EXERCISE DETAILS => The answer consists solely of the lines running from the one with "Restoration Abandonned Chevy" through the final line below, transcribed exactly and without any pictures.

DATASET SECTION =>
*** Block opens ***

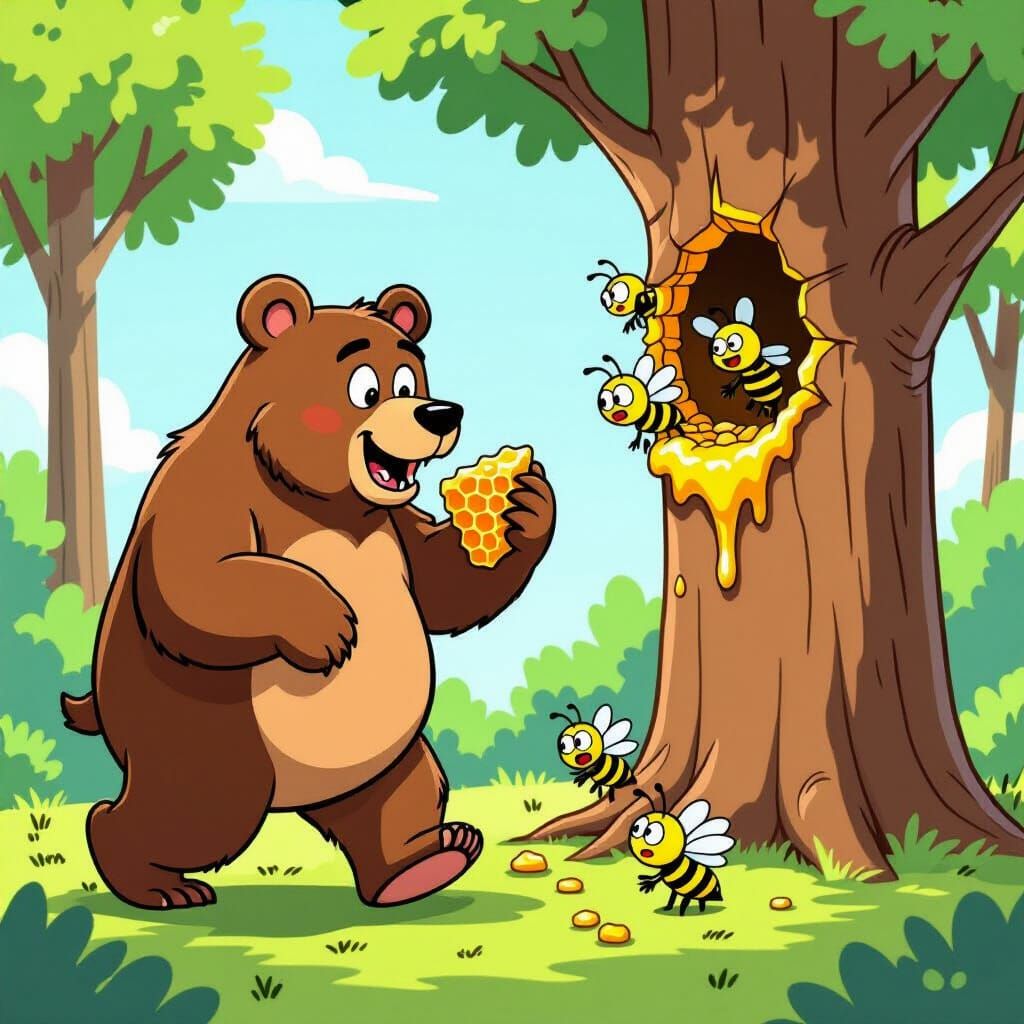 Happy Bear Eats Honeycomb in Funny Comic Style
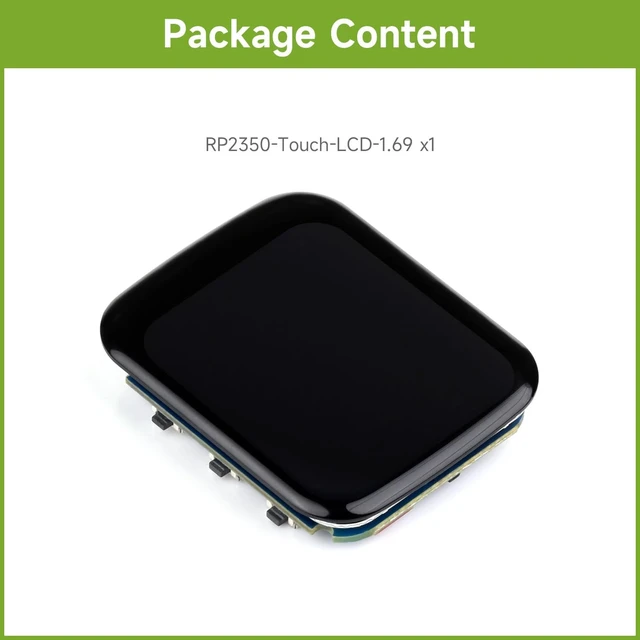 Alt view image 2 of 7 - Waveshare RP2350 Microcontroller Development Board, with 1.69inch Touch LCD, Rounded Corners, Dual-core & Dual-Architecture Design, 16MB Flash, Accelerometer and Gyroscope Sensor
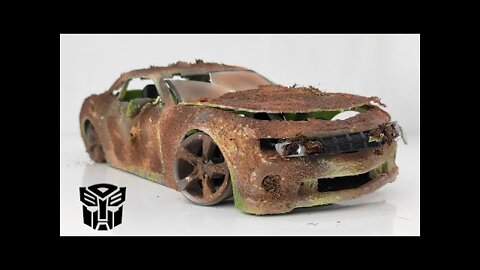 Restoration Abandonned Chevy Camaro Transformer Model Car - American Bumblebee Muscle Car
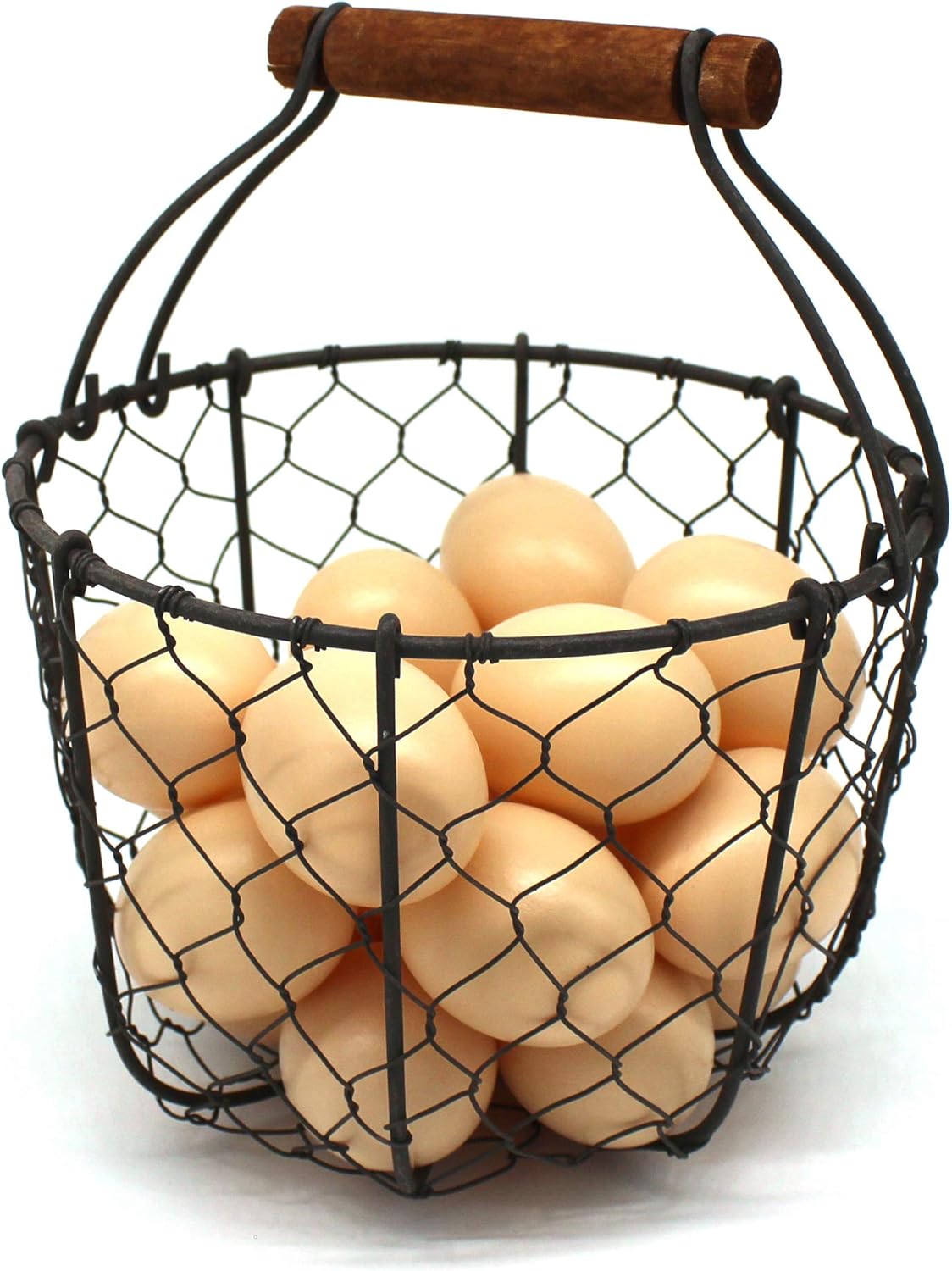 Round Chicken Wire Egg Basket with Wooden Handle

*** Block closes ***

REPLY =>
 Restoration Abandonned Chevy Camaro Transformer Model Car - American Bumblebee Muscle Car
 Round Chicken Wire Egg Basket with Wooden Handle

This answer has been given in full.